Items listed in a dataset:
'''

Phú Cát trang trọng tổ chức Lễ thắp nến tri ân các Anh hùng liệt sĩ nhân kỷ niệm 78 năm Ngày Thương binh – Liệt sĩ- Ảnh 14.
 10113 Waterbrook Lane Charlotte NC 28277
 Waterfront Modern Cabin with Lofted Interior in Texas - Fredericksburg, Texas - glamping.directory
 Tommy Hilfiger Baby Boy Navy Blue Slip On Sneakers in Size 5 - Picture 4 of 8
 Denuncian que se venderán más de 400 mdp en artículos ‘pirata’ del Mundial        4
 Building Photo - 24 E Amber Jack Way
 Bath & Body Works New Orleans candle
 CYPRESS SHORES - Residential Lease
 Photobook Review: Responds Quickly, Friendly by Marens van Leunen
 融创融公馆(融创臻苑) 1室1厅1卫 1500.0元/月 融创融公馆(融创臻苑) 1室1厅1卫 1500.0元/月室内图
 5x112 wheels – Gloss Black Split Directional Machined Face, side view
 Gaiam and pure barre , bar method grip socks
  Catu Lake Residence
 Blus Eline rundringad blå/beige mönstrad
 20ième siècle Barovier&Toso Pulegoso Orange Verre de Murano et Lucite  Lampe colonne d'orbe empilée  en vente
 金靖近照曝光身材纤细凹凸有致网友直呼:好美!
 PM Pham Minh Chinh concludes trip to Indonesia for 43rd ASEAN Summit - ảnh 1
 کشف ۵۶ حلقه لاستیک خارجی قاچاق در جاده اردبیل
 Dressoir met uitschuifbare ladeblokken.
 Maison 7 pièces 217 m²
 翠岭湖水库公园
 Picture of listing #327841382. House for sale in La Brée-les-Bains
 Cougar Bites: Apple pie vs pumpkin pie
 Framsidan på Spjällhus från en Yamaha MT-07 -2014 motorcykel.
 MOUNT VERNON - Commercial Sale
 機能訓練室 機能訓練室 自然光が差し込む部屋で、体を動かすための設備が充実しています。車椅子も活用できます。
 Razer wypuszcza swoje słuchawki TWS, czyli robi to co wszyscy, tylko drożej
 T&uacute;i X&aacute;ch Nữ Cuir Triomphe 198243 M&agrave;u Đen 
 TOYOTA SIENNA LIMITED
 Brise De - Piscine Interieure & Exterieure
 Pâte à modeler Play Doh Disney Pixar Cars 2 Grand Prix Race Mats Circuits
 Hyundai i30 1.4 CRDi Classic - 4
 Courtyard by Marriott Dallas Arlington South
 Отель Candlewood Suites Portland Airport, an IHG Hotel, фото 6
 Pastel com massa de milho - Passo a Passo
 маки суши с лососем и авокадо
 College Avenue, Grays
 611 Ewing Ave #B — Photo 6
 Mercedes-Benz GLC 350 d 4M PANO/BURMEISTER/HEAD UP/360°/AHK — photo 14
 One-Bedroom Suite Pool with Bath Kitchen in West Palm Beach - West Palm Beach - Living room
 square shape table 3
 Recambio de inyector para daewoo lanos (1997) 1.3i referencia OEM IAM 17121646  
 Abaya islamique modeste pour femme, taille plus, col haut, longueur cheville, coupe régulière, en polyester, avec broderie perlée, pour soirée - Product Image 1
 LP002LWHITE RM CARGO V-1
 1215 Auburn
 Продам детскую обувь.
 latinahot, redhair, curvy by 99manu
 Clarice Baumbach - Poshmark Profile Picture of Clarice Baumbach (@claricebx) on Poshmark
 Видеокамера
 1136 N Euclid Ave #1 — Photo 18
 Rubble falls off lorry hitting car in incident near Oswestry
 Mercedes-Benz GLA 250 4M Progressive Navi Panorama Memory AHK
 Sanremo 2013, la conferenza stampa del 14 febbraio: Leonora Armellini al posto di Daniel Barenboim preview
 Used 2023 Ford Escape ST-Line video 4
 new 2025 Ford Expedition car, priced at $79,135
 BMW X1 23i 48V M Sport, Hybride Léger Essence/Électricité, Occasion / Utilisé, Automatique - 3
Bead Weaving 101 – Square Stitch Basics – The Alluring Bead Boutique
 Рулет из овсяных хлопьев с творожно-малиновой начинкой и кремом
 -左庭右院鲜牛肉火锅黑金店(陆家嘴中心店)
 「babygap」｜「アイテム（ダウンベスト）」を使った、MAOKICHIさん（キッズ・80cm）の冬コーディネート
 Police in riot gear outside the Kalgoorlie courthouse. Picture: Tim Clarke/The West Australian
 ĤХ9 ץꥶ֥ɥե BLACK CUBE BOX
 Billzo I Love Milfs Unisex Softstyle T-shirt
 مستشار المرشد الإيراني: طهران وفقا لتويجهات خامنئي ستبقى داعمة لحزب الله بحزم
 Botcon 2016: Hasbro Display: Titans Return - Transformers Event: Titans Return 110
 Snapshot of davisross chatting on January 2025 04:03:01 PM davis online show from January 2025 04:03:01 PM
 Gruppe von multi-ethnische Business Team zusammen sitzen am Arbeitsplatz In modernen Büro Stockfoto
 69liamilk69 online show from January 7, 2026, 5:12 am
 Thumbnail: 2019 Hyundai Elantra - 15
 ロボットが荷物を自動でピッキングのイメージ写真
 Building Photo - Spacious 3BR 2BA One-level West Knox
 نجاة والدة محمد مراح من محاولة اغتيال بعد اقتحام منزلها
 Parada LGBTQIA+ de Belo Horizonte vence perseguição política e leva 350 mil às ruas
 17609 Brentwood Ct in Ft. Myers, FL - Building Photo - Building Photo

'''

§ Exercise details:
Reproduce only the lines between the line containing "مستشار المرشد الإيراني: طهران" and the last line of the records, those two lines included, exactly.

§ Response to this exercise:
 مستشار المرشد الإيراني: طهران وفقا لتويجهات خامنئي ستبقى داعمة لحزب الله بحزم
 Botcon 2016: Hasbro Display: Titans Return - Transformers Event: Titans Return 110
 Snapshot of davisross chatting on January 2025 04:03:01 PM davis online show from January 2025 04:03:01 PM
 Gruppe von multi-ethnische Business Team zusammen sitzen am Arbeitsplatz In modernen Büro Stockfoto
 69liamilk69 online show from January 7, 2026, 5:12 am
 Thumbnail: 2019 Hyundai Elantra - 15
 ロボットが荷物を自動でピッキングのイメージ写真
 Building Photo - Spacious 3BR 2BA One-level West Knox
 نجاة والدة محمد مراح من محاولة اغتيال بعد اقتحام منزلها
 Parada LGBTQIA+ de Belo Horizonte vence perseguição política e leva 350 mil às ruas
 17609 Brentwood Ct in Ft. Myers, FL - Building Photo - Building Photo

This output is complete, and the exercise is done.